■ Assignment
Transcribe exactly the lines from the one containing "2/21 Arrowsmith Ave, Alstonville, NSW 2477" through the end of the data, both included. Leave out pictures.

■ Records
****************
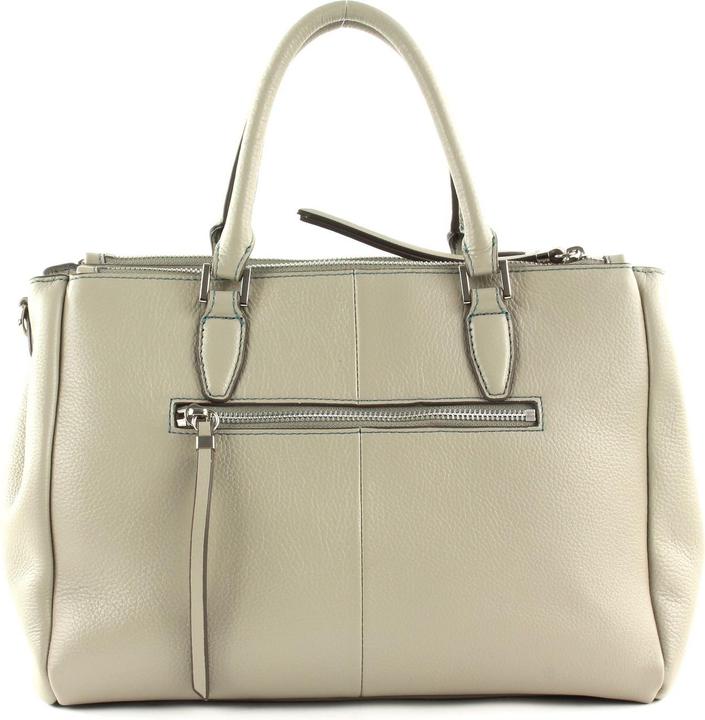 Immagine prodotto FredsBruder Bella Rivoli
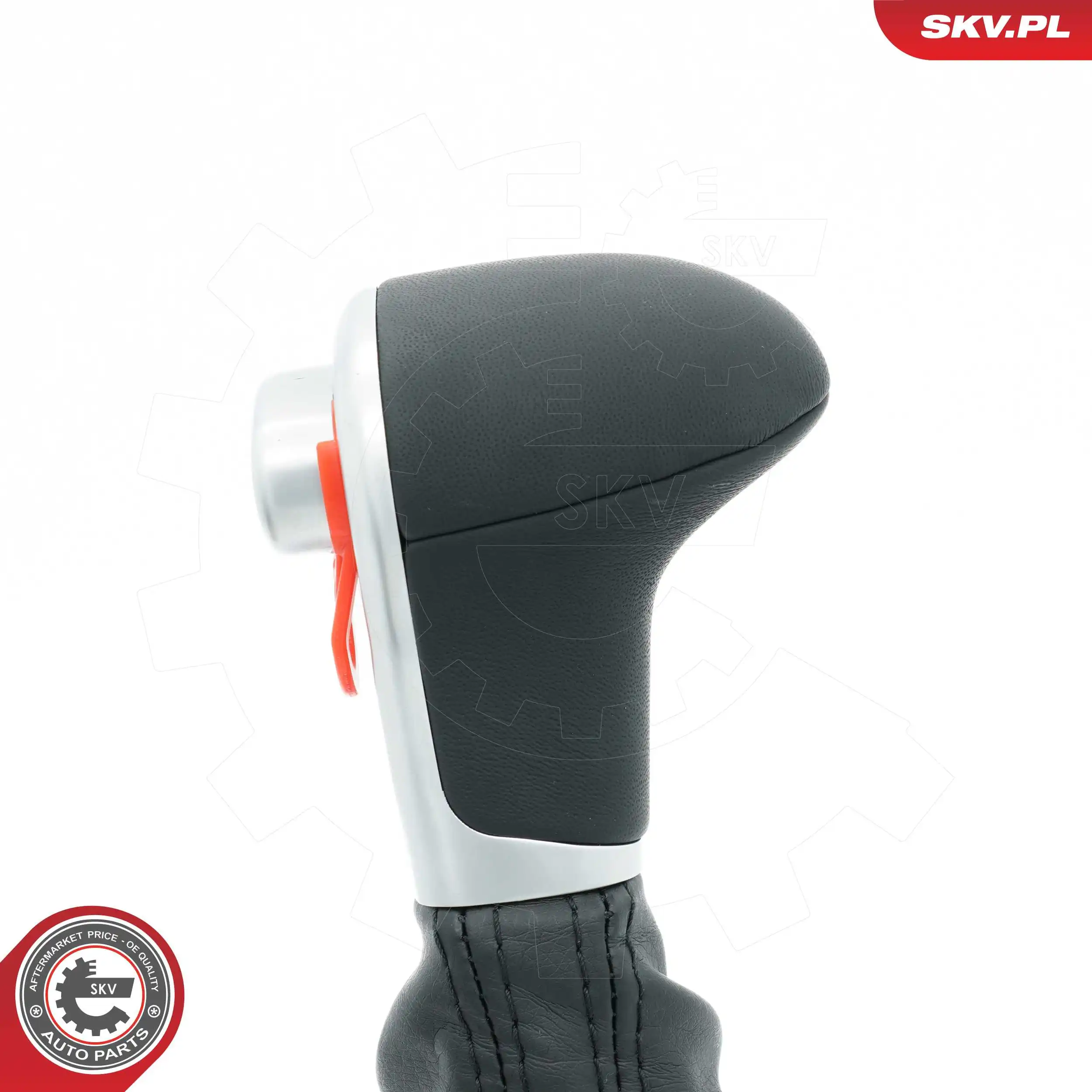 ESEN SKV 63SKV404 Gear Shift Lever Knob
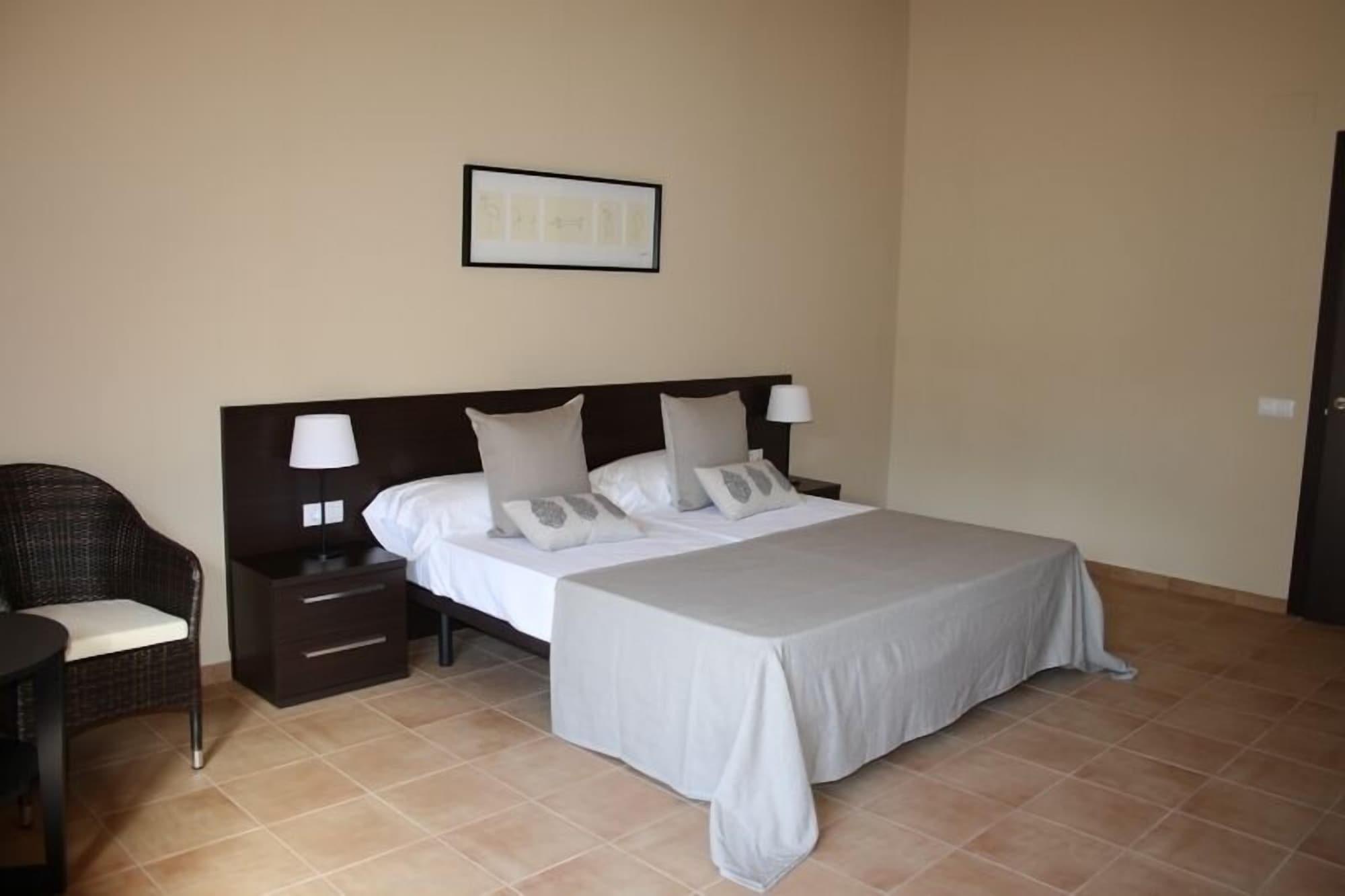 Mas Salvi Country Boutique Hotel Pals Dış mekan fotoğraf
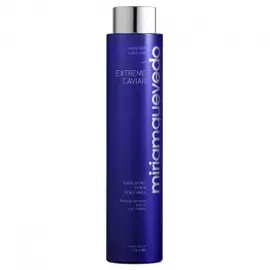 Отшелушивающая маска для кожи головы Extreme Caviar Exfoliating Scrub Scalp Mask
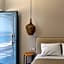 Selene Luxury Rooms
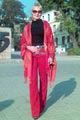 Russian brides: Svetlana Shepeleva, Vladivostok, Russia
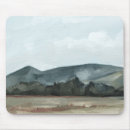 Search for mountain view mousepads Landscapes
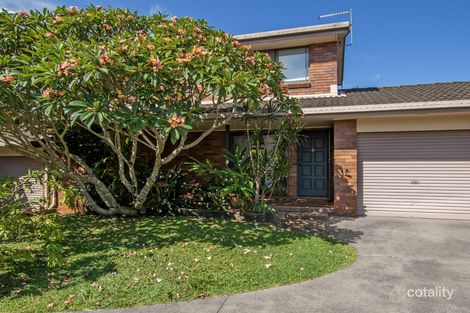 2/21 Arrowsmith Ave, Alstonville, NSW 2477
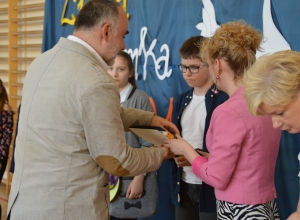 SP94_Warszawa_gala_Złota_Biedronka_2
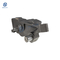CATEEEE 6I1346 Engine Oil Pump For CATEEE 3304 3306 Spare Parts Buildozer D6D D7G 140H 120H 140G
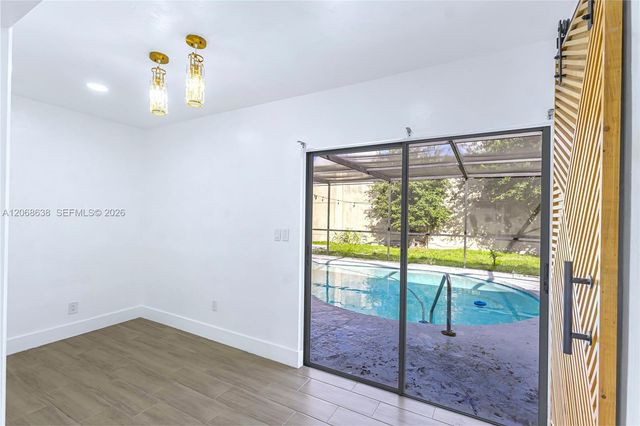 1854 Lauderdale Manor Drive, Fort Lauderdale, FL 33311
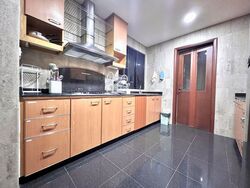 The Sterling (D21), Condominium #583874091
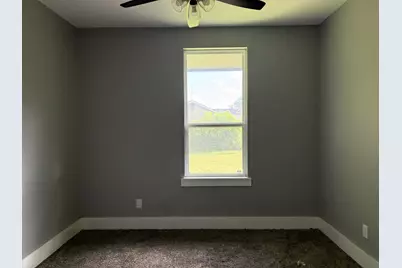 202 4th Street, Joshua, TX 76058 - Photo 17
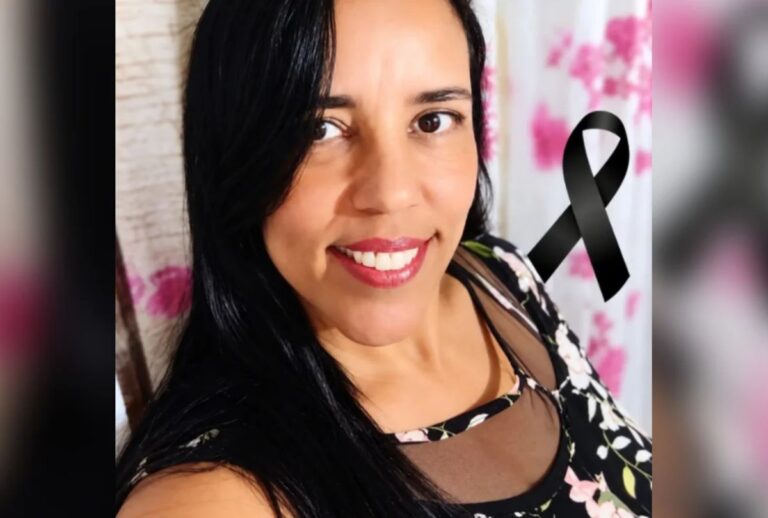 Jocilerne Oliveira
****************
■ Response to this exercise
 2/21 Arrowsmith Ave, Alstonville, NSW 2477
 SP94_Warszawa_gala_Złota_Biedronka_2
CATEEEE 6I1346 Engine Oil Pump For CATEEE 3304 3306 Spare Parts Buildozer D6D D7G 140H 120H 140G
 1854 Lauderdale Manor Drive, Fort Lauderdale, FL 33311
 The Sterling (D21), Condominium #583874091
 202 4th Street, Joshua, TX 76058 - Photo 17
 Jocilerne Oliveira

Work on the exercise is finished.